26 Sep 2019

Four Stats That Caught Our Eye from “The Bellwether Report Series 2019: Is the Future Small?”

The 2019 Bellwether Reports focus on issues and trends the U.K. legal industry is paying close attention to, covering topics like stress in the legal profession, the attributes solicitors consider to be essential in today’s rapidly changing legal market, Brexit and the general state of small law firms.

Here are four stats from the small law firm report that caught our eye—and you’ll find they’re perfectly applicable to the U.S. legal market.

64% of small firm solicitors previously worked in medium, large or top tier firms

We’ve discussed time and time again the trend of attorneys from large firms, including Big Law firms, leaving those firms to launch their own small boutique firms. The Bellwether Report not only lends some quantitative support to this trend, it suggests an interesting dynamic: the majority of solicitors at small firms spent at least some of their careers at larger firms. This means that they have been exposed to (theoretically) several successful processes that worked at larger firms, which they could implement at their small firms. Of course, on the flip side, these solicitors were previously at firms that perhaps had more resources to support those processes and procedures. As we have previously discussed however, AI, automation and other technological advances have helped shrink the divide between large and small firm resources in recent years—a trend that’s not likely to slow anytime soon.

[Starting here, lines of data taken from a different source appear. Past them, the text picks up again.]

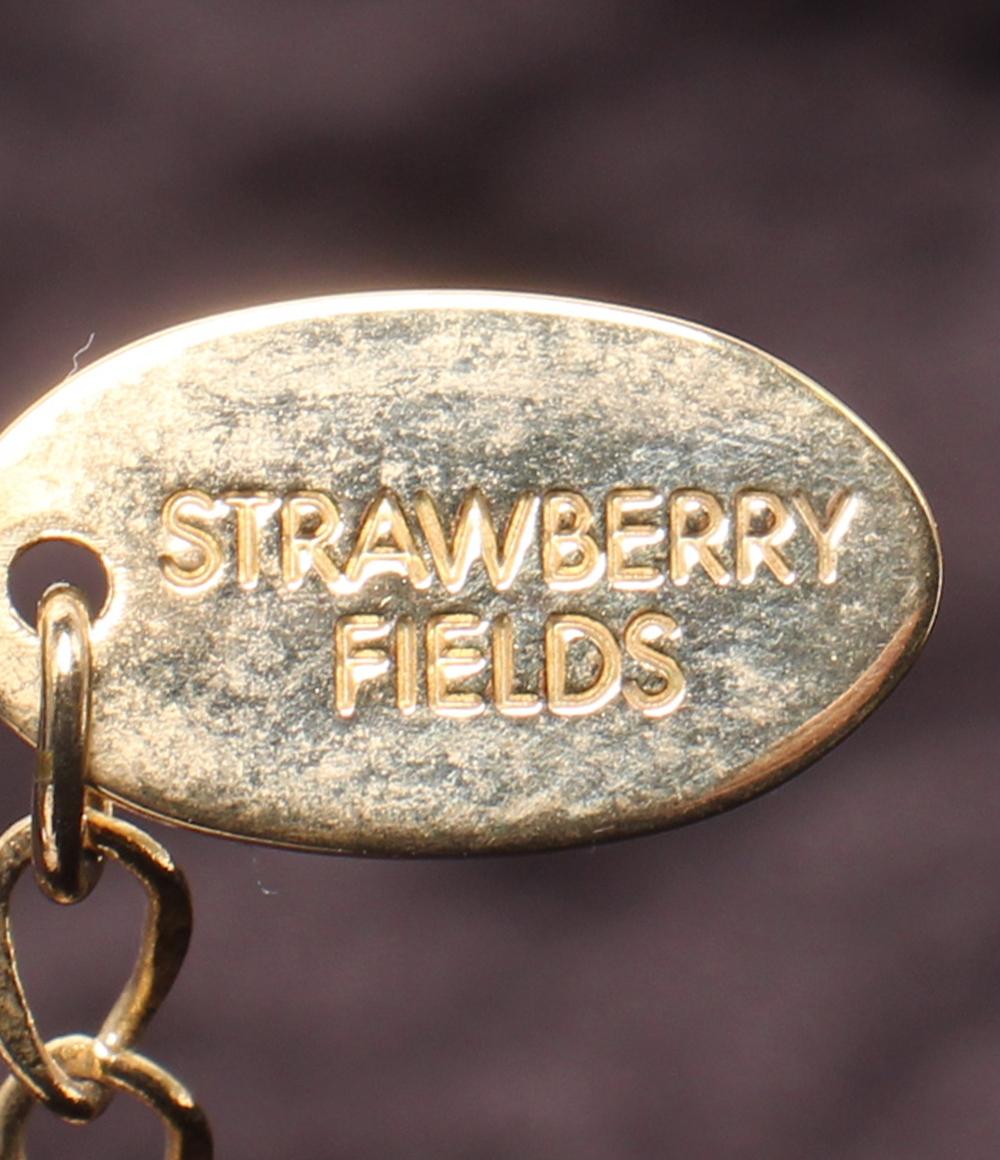 STRAWBERRYFIELDS ネックレス レディース ストロベリーフィールズ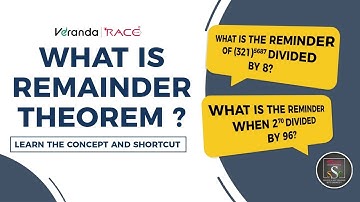 TOP 10 REMAINDER THEORM | RACE SSC | RACE TAMIL | CHENNAI RACE SSC |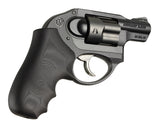 Hogue Ruger Lcr Lcrx Hammer Smooth G10 Solid Black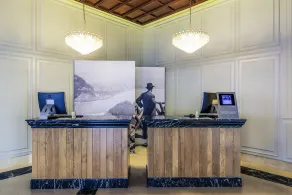 Mercure Monte Igueldo - Réception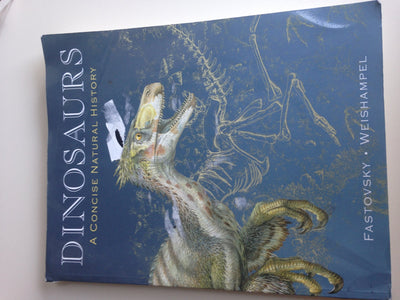 Dinosaurs: A Concise Natural History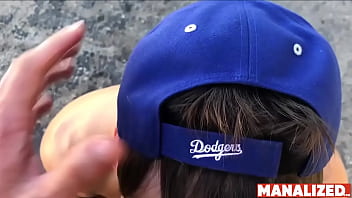 parking lot handjob cherry poppins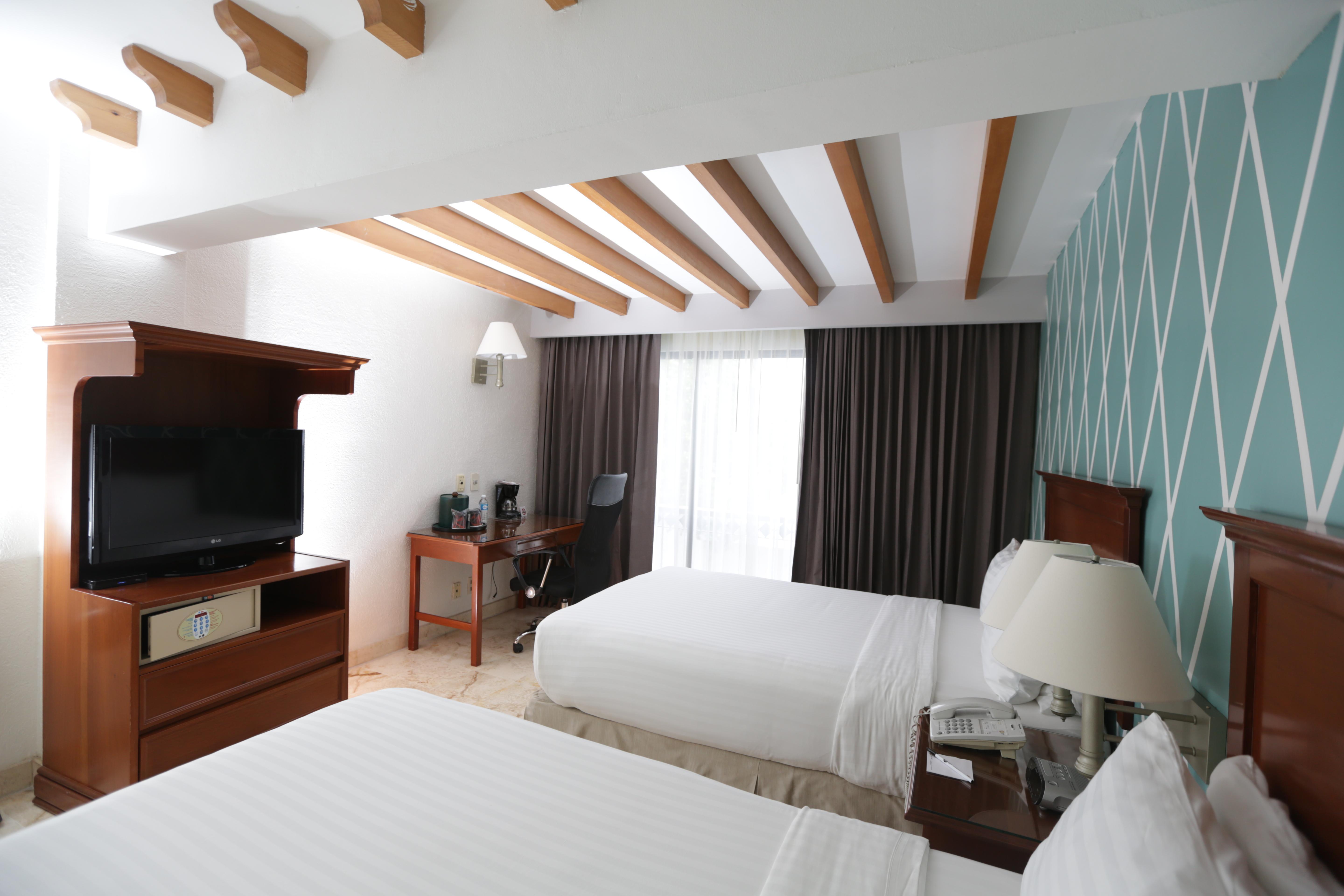 Continental Caribe Bay Hotel Chetumal Buitenkant foto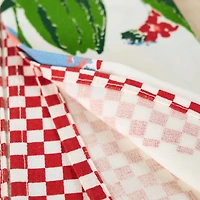 Floral Kitchen Towel, Set of 2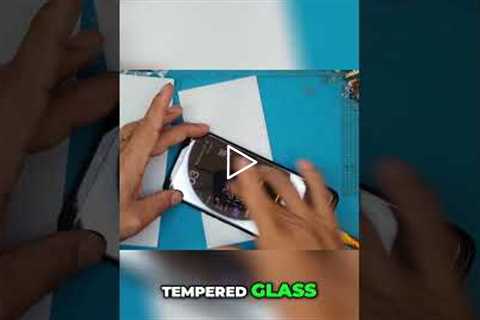 Free Tempered Glass: Protect Your New Display! [OPPO A57 5G] | Sydney CBD Repair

56% of small firm solicitors said that work/life balance was a major benefit of working at a small firm

When we saw this stat, alarm bells went off in our heads. We’ve been told frequently that small and solo firms were the cures to the perennial work/life balance issues that ail attorneys. And yet, just slightly more than half of the small firm solicitors surveyed thought that work/life balance was a major benefit to working at a small law firm.

We take this to mean that small firm solicitors are working about as hard as they would be if they were at larger firms. The idea that small firms are not necessarily the answers to the legal industry’s work/life balance issues is not new. In our , we found that small law firm attorneys in the U.S. were working at least eight hours a day in the office, (although they were often billing only a fraction of that time each day).

74% of small firm solicitors said that building a pipeline of future business was an issue

Twenty-five percent of respondents said that attracting new clients was a major issue, while another 49 percent said that doing so was a minor issue. We can’t speak for the remaining 26 percent—either they are bona fide rainmakers who aren’t worried about their new client pipelines, or they have no idea how important marketing is to the survival of their firms.

Nevertheless, this stat caught our eye because it shows that the vast majority of small law firm attorneys understand that they cannot ignore marketing and business development. We’ve previously covered aspects of law firm marketing—and we expect to do so again in the future—because it is a topic of utmost importance to small law firms.

Without some form of marketing, there won’t be new and returning clients. Without clients, there can be no revenues. And without revenues, there can be no law firm. For lawyers thinking about making the move to a smaller law firm, they must understand that they will need to market themselves and their firms in order to stay afloat.

51% of small firm solicitors said that their firms are optimally sized for success

Barely half of respondents thought their firms were not sized appropriately for continued success. There are two possible ways to interpret this. Either the respondents believe their firms must continue to grow in size in order to handle the number of clients they feel are required for their firms to be profitable and successful. Or respondents thought their firms needed to grow in order to handle the kinds of clients they feel are required for their firms’ success.

Whatever the interpretation, this relatively low number is an indication that small law firms must engage in more or better strategic planning. Through strategic planning, lawyers and their firms can determine the direction their businesses should be taking and develop strategies for getting there. This includes assembling the right team, targeting the right clients and pricing fees to ensure profitability. With only one out of every two small firm U.K. solicitors believing that their firms are optimally sized for success, it is clear that there are many small firms out there in desperate need of a strategic approach to growth.

Trends that transcend country borders

This Bellwether Report was based on online surveys completed by 176 solicitors in the U.K. and Wales, along with eight in-depth interviews with lawyers in small firms and small offices of larger firms. Twenty percent of respondents worked in a firm with 20-plus fee earners, 23 percent worked in firms with 11 to 20 fee earners, 46 percent worked in firms with two to 10 fee earners and 11 percent worked in a firm where they were the only fee earner.

But don’t let the surveys’ U.K. origins fool you. The rise of boutique firms founded by Big Law expats, the struggle to find work/life balance, the importance of marketing and the need for strategic planning are important topics that lawyers here in the United States and all across the world are dealing with today—and will continue to grapple with for the foreseeable future.